* DESCRIPTION OF THE TASK:
Word for word, copy the lines from the one with "Tussenwoning te koop: Wilgenhof" to the last line of the data below, counting both, and keep every picture out.

PROVIDED DATA Block Start

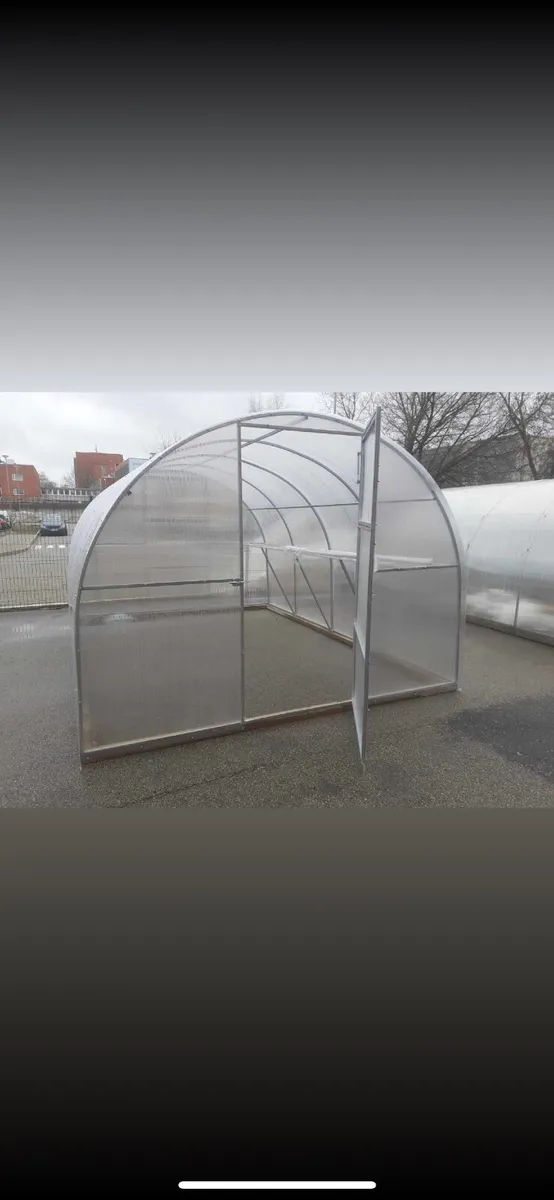 Green houses - Image 4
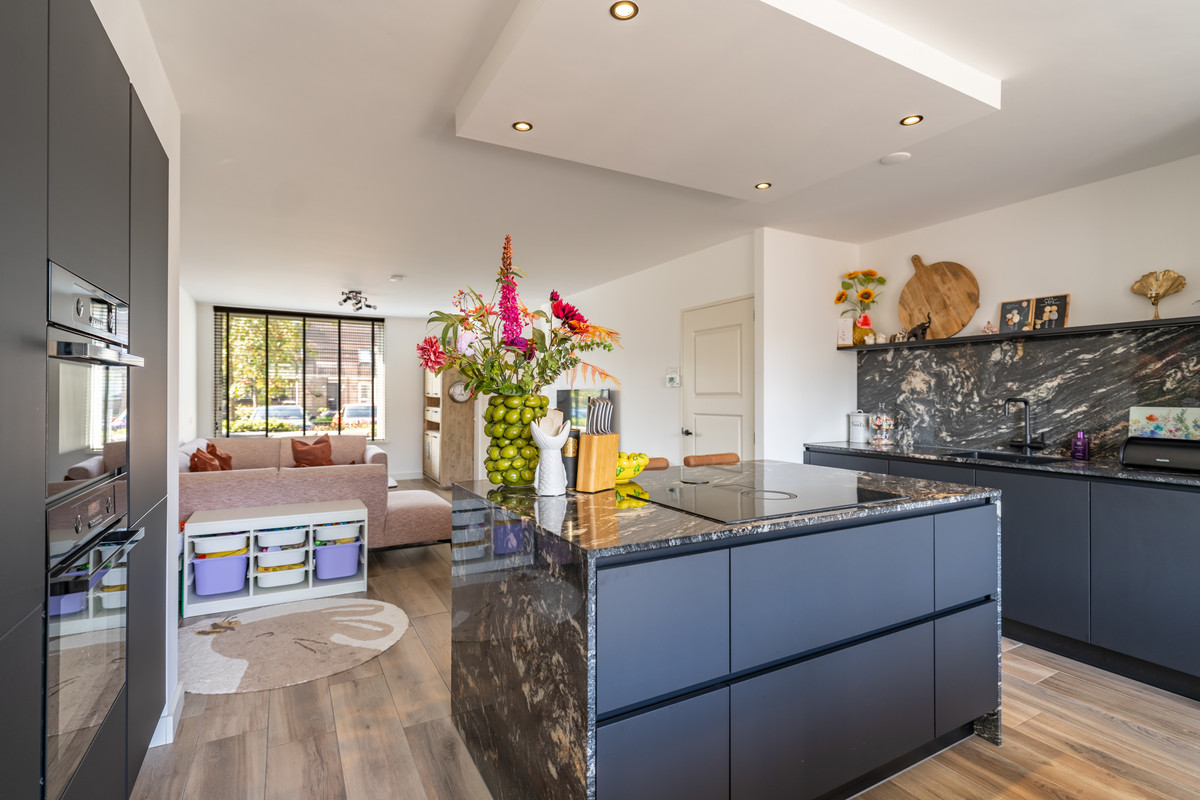 Tussenwoning te koop: Wilgenhof 3, Zoeterwoude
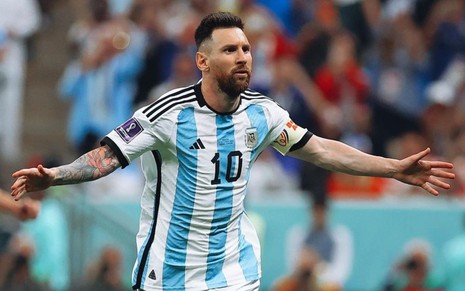 Lionel Messi de braços abertos comemora gol da Argentina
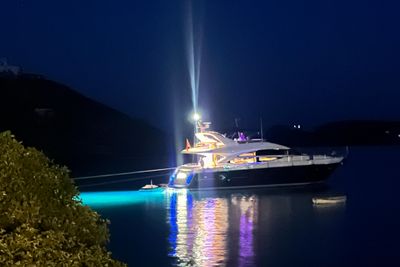 Yacht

PROVIDED DATA Block End

* EXERCISE SOLUTION:
 Tussenwoning te koop: Wilgenhof 3, Zoeterwoude
 Lionel Messi de braços abertos comemora gol da Argentina
 Yacht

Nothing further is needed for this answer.